• _Task item_
Having located "Just like in" in the listing below, write out its line and every following line exactly, last line included, without the pictures.

• _Data shown_
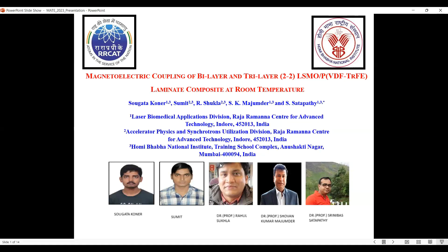My title is the magneto-electric coupling of bilayer and trilayer LSMO/PVDF-TrFE laminate composite at room temperature.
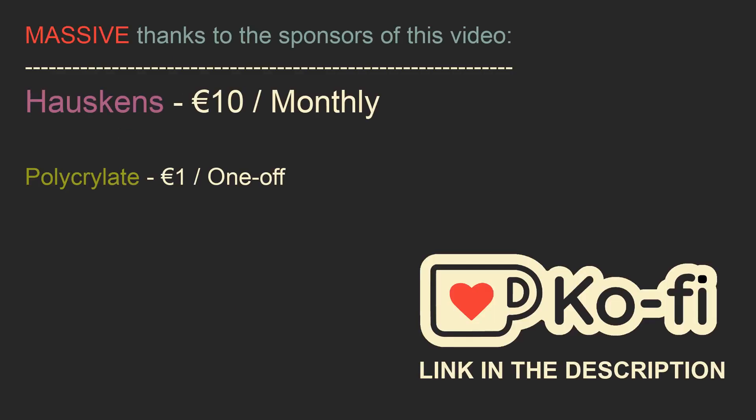Just like in the main video, I'd like to thank the sponsors of this video, Hauskens for an amazing €10 per month subscription and Polycrylate for a €1 one-off. Thanks for watching and I'll see you in the next one!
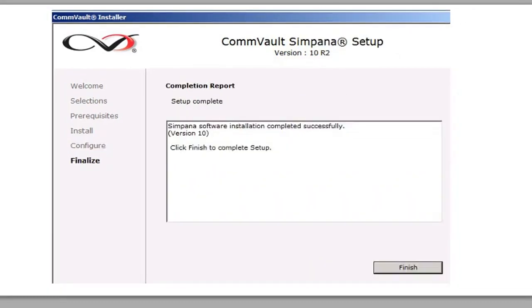And this is the configuration report of what we installed. We've installed a media agent on a Windows server.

• _Result below_
Just like in the main video, I'd like to thank the sponsors of this video, Hauskens for an amazing €10 per month subscription and Polycrylate for a €1 one-off. Thanks for watching and I'll see you in the next one!
And this is the configuration report of what we installed. We've installed a media agent on a Windows server.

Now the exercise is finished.